Обречённый ребёнок хотел повыше перелечь на подушке и не смог. Мать услышала его безмолвную просьбу и приподняла его. Снова, в который раз, ребёнок, избранный смертью, ощутил у самого своего лица лицо матери, на которое, казалось ему, он и не смотрел: каштановые волосы, гладко зачёсанные на висках, как у девочек былых времён, длинная, чуть припудренная, немного впалая щека, очень открытый разрез карих глаз – эти глаза были так уверены в своём умении не выдавать тревоги, что часто забывали за собой следить…
– Ты сегодня розовый, мой маленький, – сказала она весело.
Но в её карих глазах по-прежнему сквозили страх и напряжение, хорошо знакомые мальчику.

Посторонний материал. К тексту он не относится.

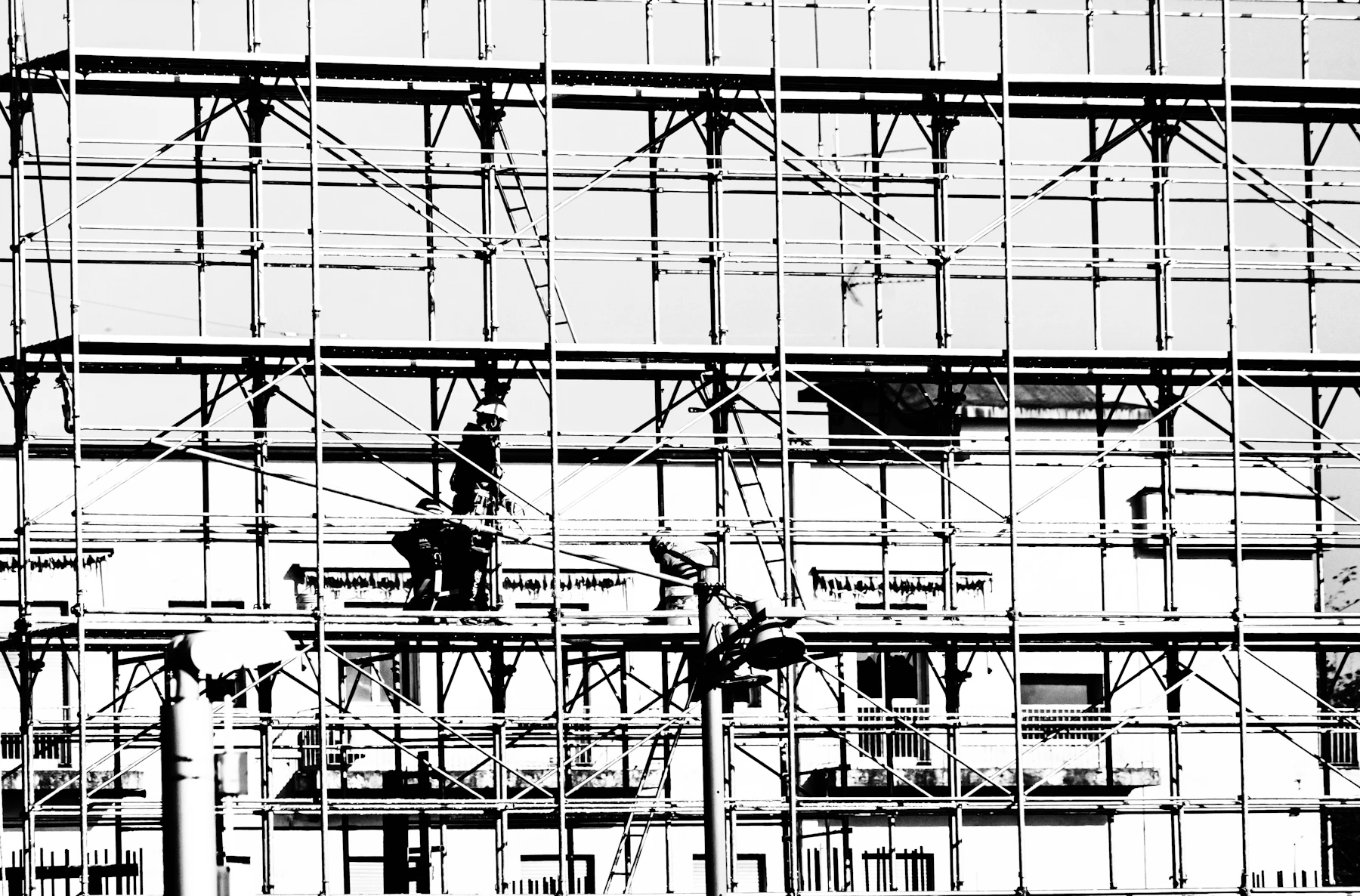 Gerüstbauarbeiten auf einer Baustelle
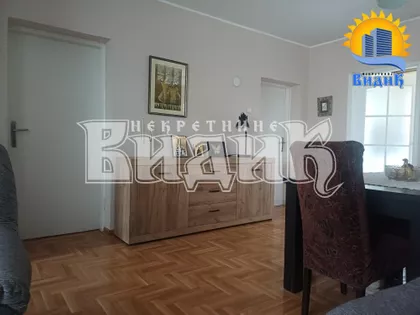 Bože Baucala | 4zida.rs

Избегая двигать слабой шеей, мальчик повёл вбок зрачками с широким райком цвета морской воды и важно поправил:
– Я розовый от абажура.
Госпожа Мама с болью взглянула на сына, в глубине души укоряя его за эти слова, разом стёршие розовый цвет, который привиделся ей на его щеках. Он закрыл глаза, и видимость сна вернула ему облик десятилетнего ребёнка. «Она думает, что я сплю». Мать отвернулась от бледного мальчика, осторожно, словно боялась, не почувствует ли он, когда оборвётся нить её взгляда. «Он думает, что я думаю, будто он спит…»
Они иногда вот так подыгрывали друг другу в обмане. «Она думает, что мне не больно», – думал Жан, а ресницы его дрожали от боли. Между тем Госпожа Мама думала: «Как он умеет притворяться, что ему не больно! Другая мать обманулась бы. Но я…»

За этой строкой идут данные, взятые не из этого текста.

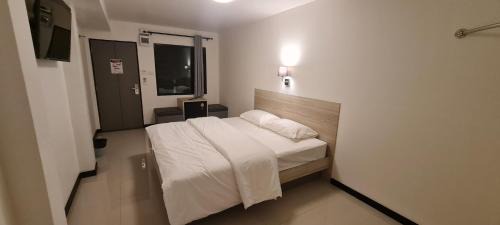 Ban Phaeo Hostel | ห้องพัก168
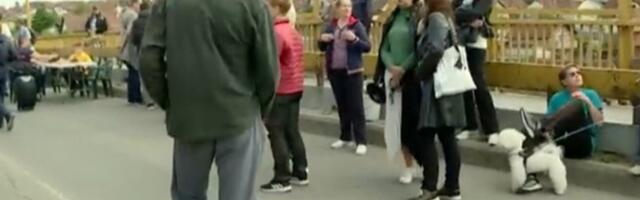 Incident na blokadi nadvožnjaka u Kragujevcu: Žena gađala flašom studentkinju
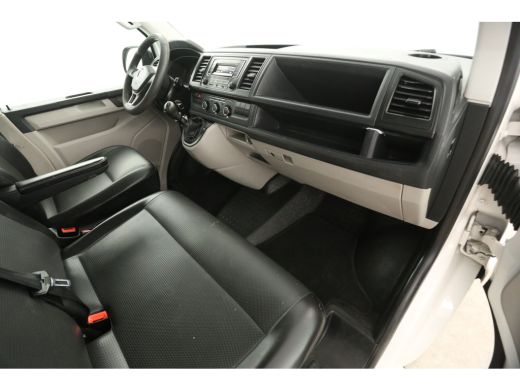 Volkswagen Transporter 2.0 TDI L2H1 | Dubbele Cabine | 6 Persoons | 140PK Airco Trekhaak Bluetooth Elektrpakket Schuifde... ActivLease financial lease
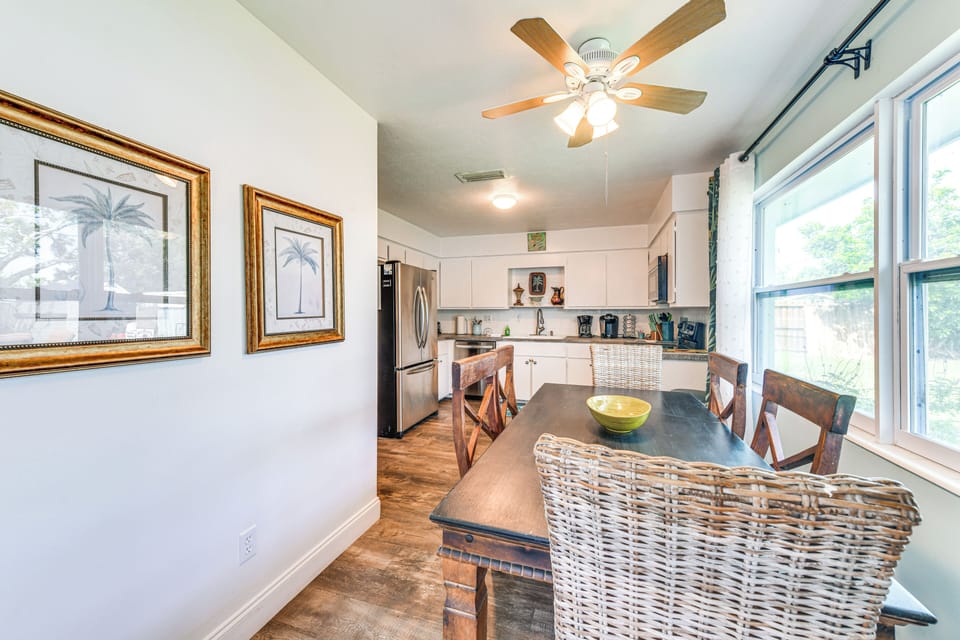 Dining Area | Dishware & Flatware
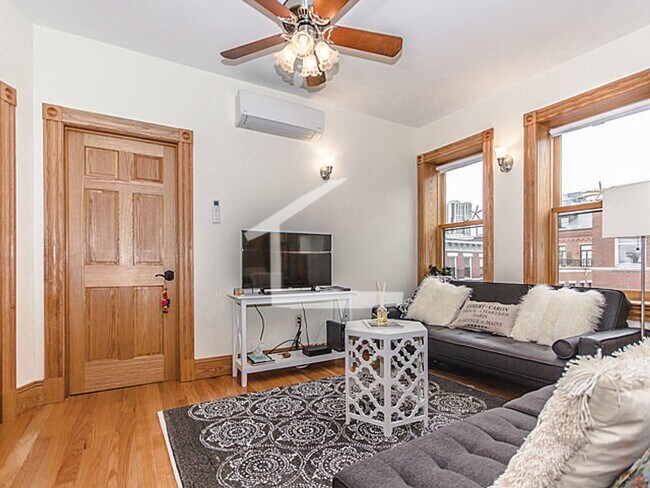 Foto del edificio - HOT BEACON HILL LISTING!!!!!!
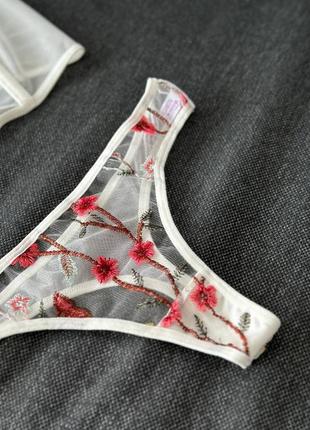 Комплект интимного белья на маленькие груди с корсетным бюстом и стрингами сеточка с вышивкой4 фото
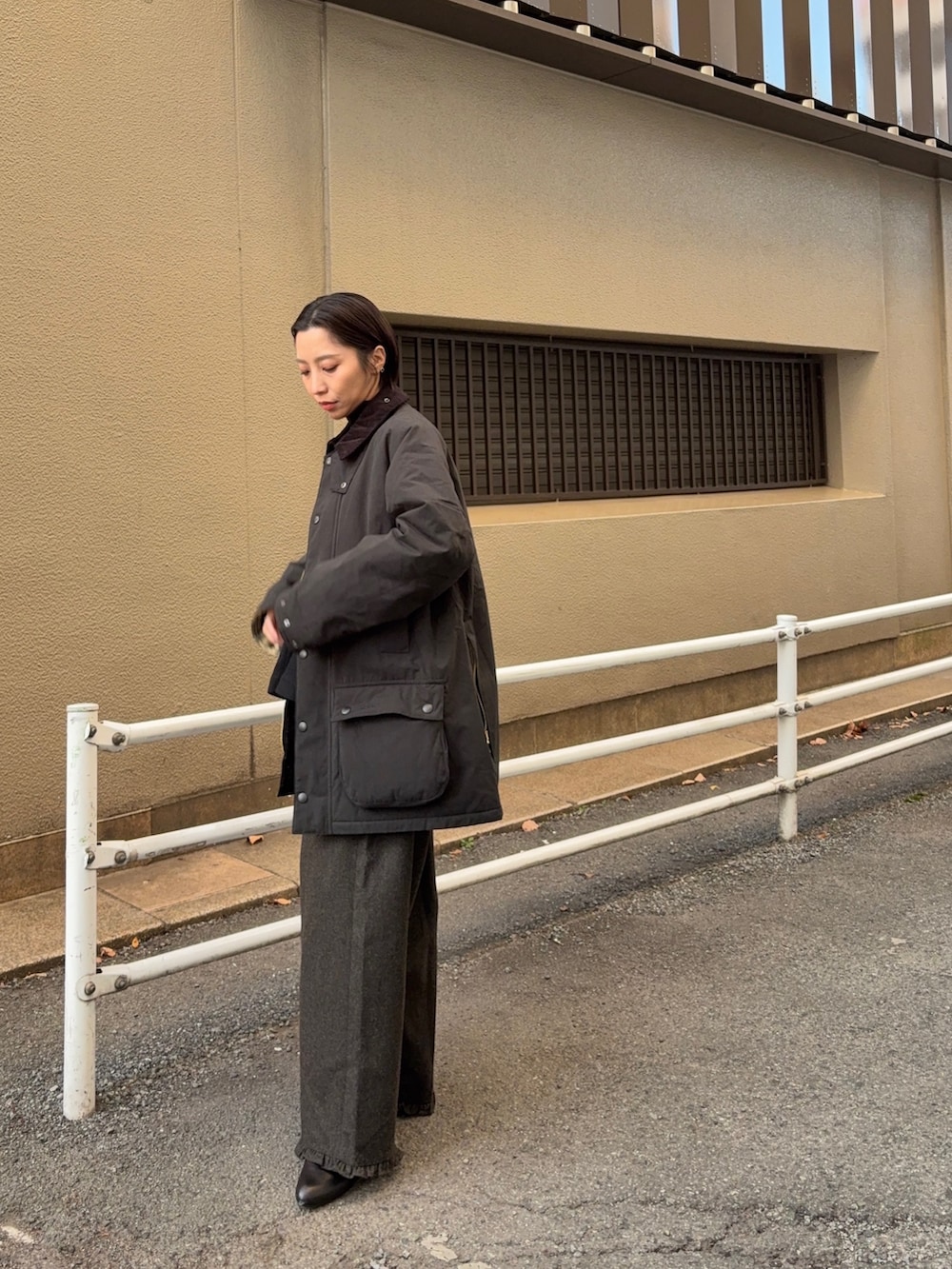 ブラック系のその他アウター、ブラック系のニット/セーター、ブラック系のその他パンツを着用したレディースの冬コーディネートの2枚目の写真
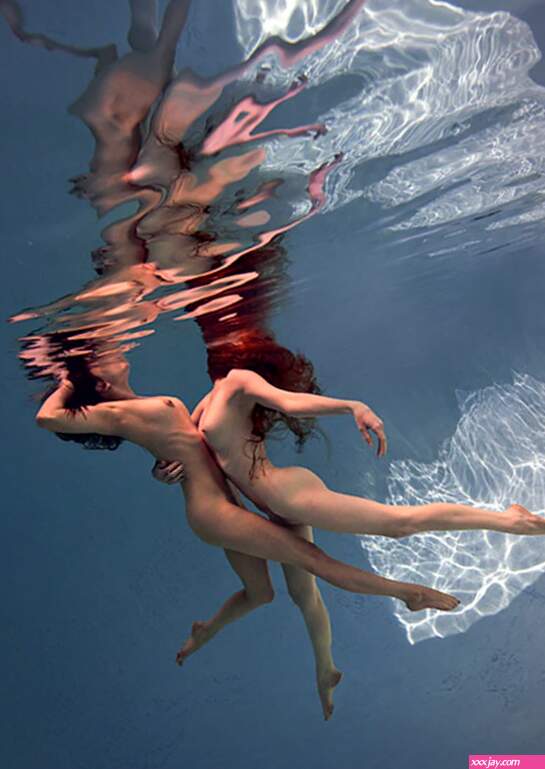 Underwater Nude 43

– Нравится тебе запах лаванды, которой я опрыскала комнату? Правда, хорошо пахнет?
Ребёнок без слов выразил согласие – привычка и необходимость беречь силы наделили его сводом маленьких знаков, мимикой тонкой и сложной, как язык животных. Его чувства изощрялись в волшебном и необычном применении.
Для него белые муслиновые занавески, когда около десяти утра в них ударяло солнце, издавали розовый звук, а переплёт старинного «Путешествия к берегам Амазонки», потрёпанный, из белой телячьей кожи, вызывал в воображении вкус горячих блинов… Когда ему хотелось пить, это выражалось тремя «кивками» век. Когда хотелось есть… что до еды, он о ней не думал. Другие потребности безвольного, исхудалого детского тела имели свой немой и стыдливый телеграфный код. Но всё, что в существовании маленького смертника могло ещё быть названо излишеством, удовольствием и игрой, хранило преданность человеческой речи, требовало точных и образных слов для голоса, мелодичного и словно созревшего в долгих страданиях, едва ли более резкого, чем голос женщины. Жан подобрал подходящие слова для шашек, для «солитера» с созвездием стеклянных шариков, для настольного крокета, для множества вышедших из обихода игр наборной работы, отделанных лимонным деревом и слоновой костью. Другой словарь, большей частью тайный, относился к швейцарскому пасьянсу – пятидесяти двум маленьким глянцевитым картам, окаймлённым и тиснённым золотом, как салонные панели. Дамы были в виде пастушек в соломенных шляпах, украшенных розами, а пастушки-валеты держали посохи. Из-за бородатых, краснолицых королей с маленькими жёсткими глазками помещиков-горцев Жан изобрёл пасьянс, исключающий четырёх мужиковатых монархов.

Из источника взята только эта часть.